╭─ Listed records

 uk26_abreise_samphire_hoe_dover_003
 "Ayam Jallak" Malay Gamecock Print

╰─
╭─ Listed records

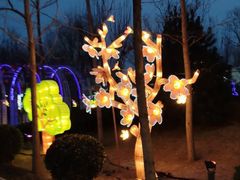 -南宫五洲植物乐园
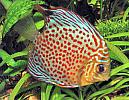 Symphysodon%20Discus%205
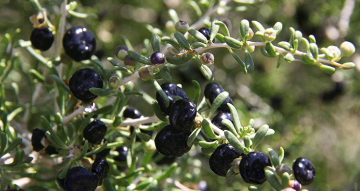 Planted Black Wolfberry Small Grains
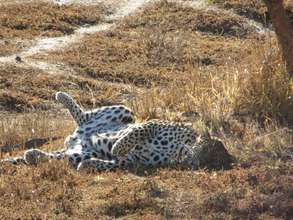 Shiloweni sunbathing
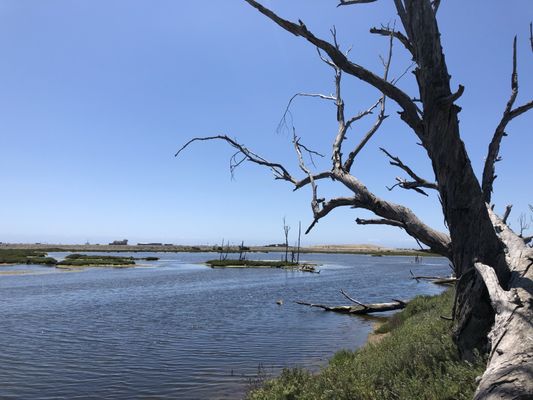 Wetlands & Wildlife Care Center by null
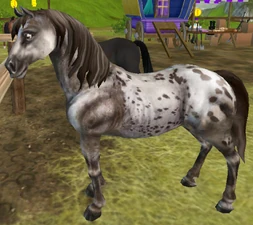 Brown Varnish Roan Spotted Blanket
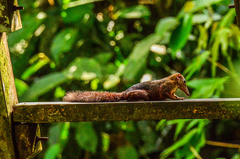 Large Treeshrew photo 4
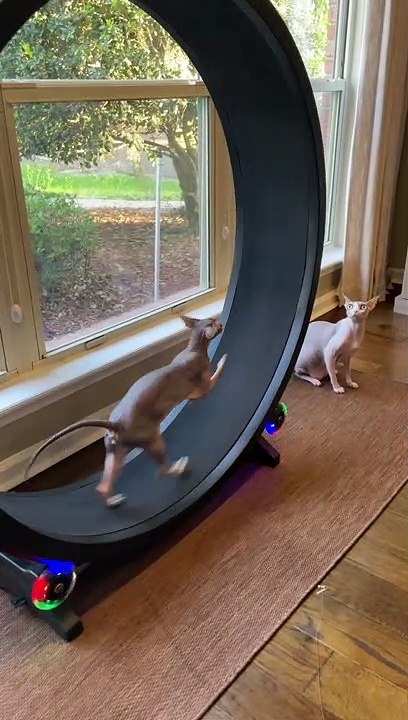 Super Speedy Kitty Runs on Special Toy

╰─

# Task prompt:
Reproduce exactly the section above that begins at the line containing "uk26_abreise_samphire_hoe_dover_003" and ends at the line containing "Malay Gamecock Print", leaving out all other lines.

# Exercise output:
 uk26_abreise_samphire_hoe_dover_003
 "Ayam Jallak" Malay Gamecock Print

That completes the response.